Supply chains, worth the designation, organize around organic, broad based effectual demand. This is distinct from need. Effectual demand is the recurring pull of something the supplier finds motivating. This demand may be seasonal or contingent or otherwise variable, but it recurs with sufficient regularity, scope, and scale to justify incurring costs and undertaking other risks involved in creating and managing capacity to push when a pull signal is received.

Early in the pandemic the federal government facilitated the development of voluntary agreements under Section 708 of the Defense Production Act (more) to address the manufacture and distribution of critical healthcare resources. This process continues to operate. The National Strategy anticipates “that the DPA 708 engagements will transition from the Federal Emergency Management Agency (FEMA) to HHS and be co-administered by ASPR and FDA. The Section 708 process provides a conduit to engage across the entire supply chain, enabling the U.S. Government and industry stakeholders who volunteer to participate to share information, build a common operating picture, perform analysis, and solve problem sets necessary to ensure a resilient domestic public health industrial base.”

The absence of effectual demand for sufficient flows of public health goods persists, but the DPA provides a potentially powerful public-private process for working through the risks of insufficient effectual demand.

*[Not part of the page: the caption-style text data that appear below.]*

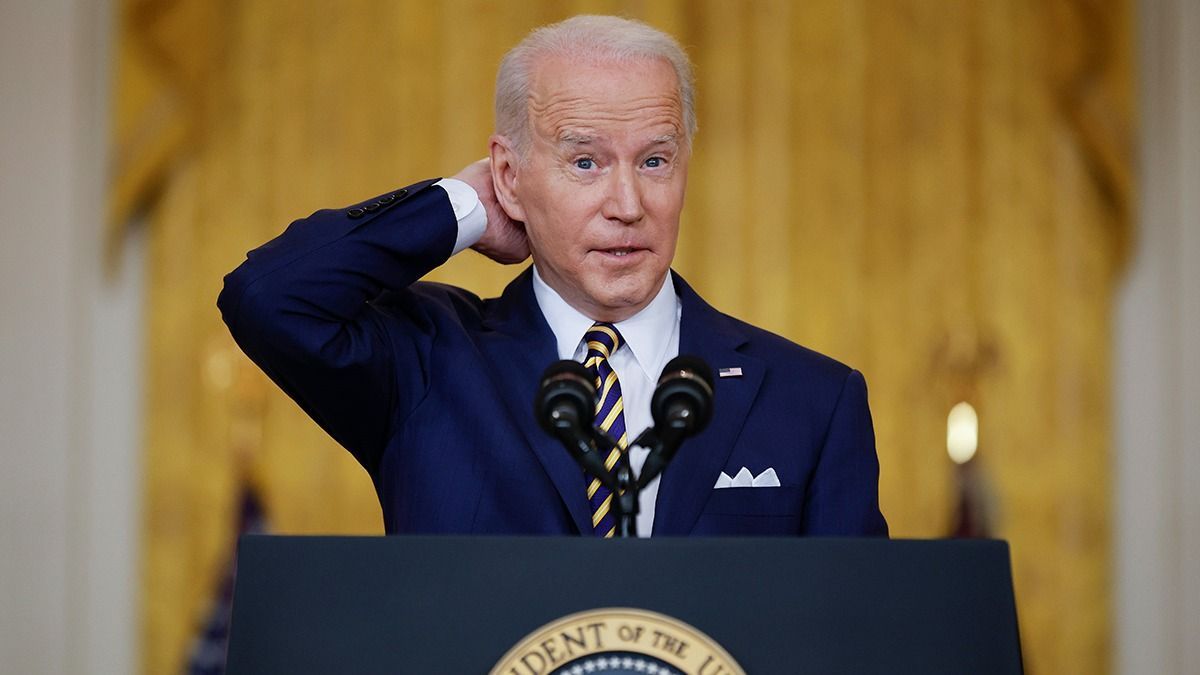ไม่ใช่เรื่องตลก: Joe Biden จะบังแดดเพื่อไม่ให้ร้อนมาก ไม่ใช่เรื่องตลก: Joe Biden จะบังแดดเพื่อไม่ให้ร้อนมาก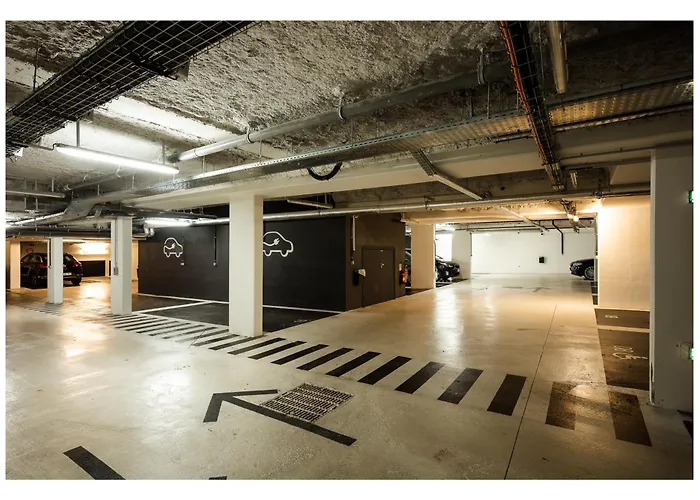 The Originals Boutique, Hotel Maison Montmartre Paris Les Puces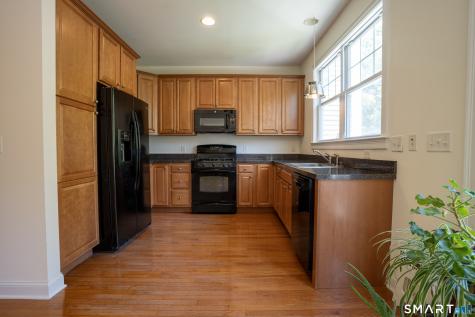 10 Lawrence Avenue Danbury CT 06810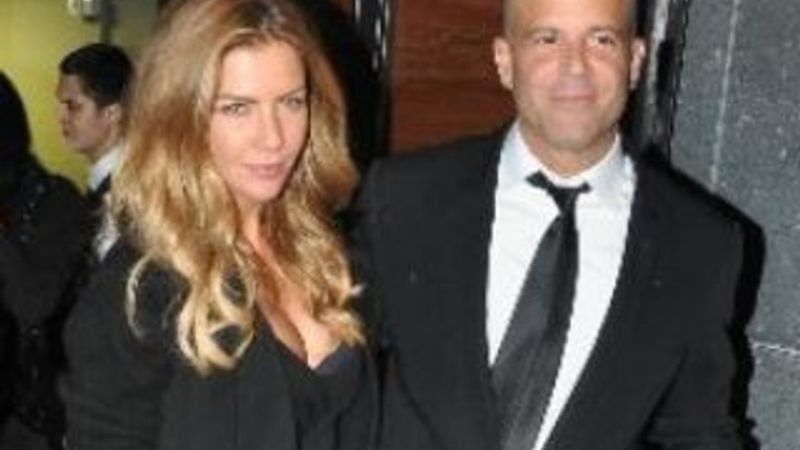 Ivana Sert tek taşını gösterdi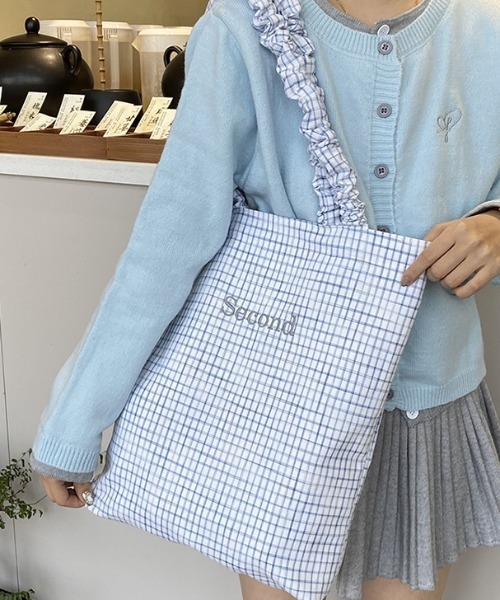 mebole(メボレ)の「Second Plaid Tote bag(トートバッグ・レディース・ブルー/ホワイト/ライトグリーン・FREE)」の4枚目の写真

There is another demand-oriented aspect of the public health supply chain that is not engaged by the One Year Report or National Strategy for a Resilient Public Health Supply Chain. I expect there are public health efforts underway to address the issue, but they are not categorized as “supply chain” efforts. In November 2020 the Kaiser Family Foundation reviewed state and territorial plans for vaccine distribution. This review found:

Less than half (19 of 47, or 40%) of state plans reviewed include a numerical estimate of the number of individuals in different priority populations; the majority of states report they are still developing their data sources and methodology to calculate the number in their priority groups. A majority of states (25 of 47, or 53%) have at least one mention of incorporating racial and/or ethnic minorities or health equity considerations in their targeting of priority populations. Some states expect to make racial and ethnic minorities an explicit priority population group, while others report using more general or indirect methods to do so, such as through use of the social vulnerability index (as was recommended by the NAM) and/or a Health Equity Team or Framework.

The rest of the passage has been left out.